INSTRUCTIONS FOR THE TASK:
Exact copy, no pictures: repeat the data that follows.

DATASET EXCERPT:
■ ■ ■

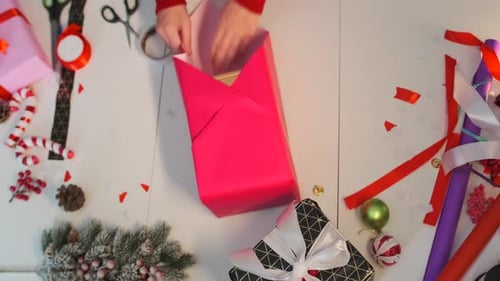 Top view of female hands wrapping Christmas gift with red paper and white ribbon.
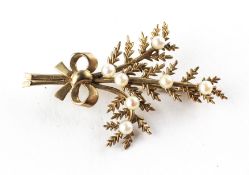 A yellow metal spray brooch set with 3.00mm cultured pearls. Hallmarked 9ct gold, Birmingham, 1962.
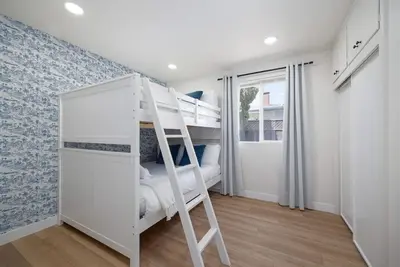 a bunk bed in a room with a ladder at 4 Miles to Beach Central and Newly Renovated in San Diego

■ ■ ■

WRITTEN REPLY:
 Top view of female hands wrapping Christmas gift with red paper and white ribbon.
 A yellow metal spray brooch set with 3.00mm cultured pearls. Hallmarked 9ct gold, Birmingham, 1962.
 a bunk bed in a room with a ladder at 4 Miles to Beach Central and Newly Renovated in San Diego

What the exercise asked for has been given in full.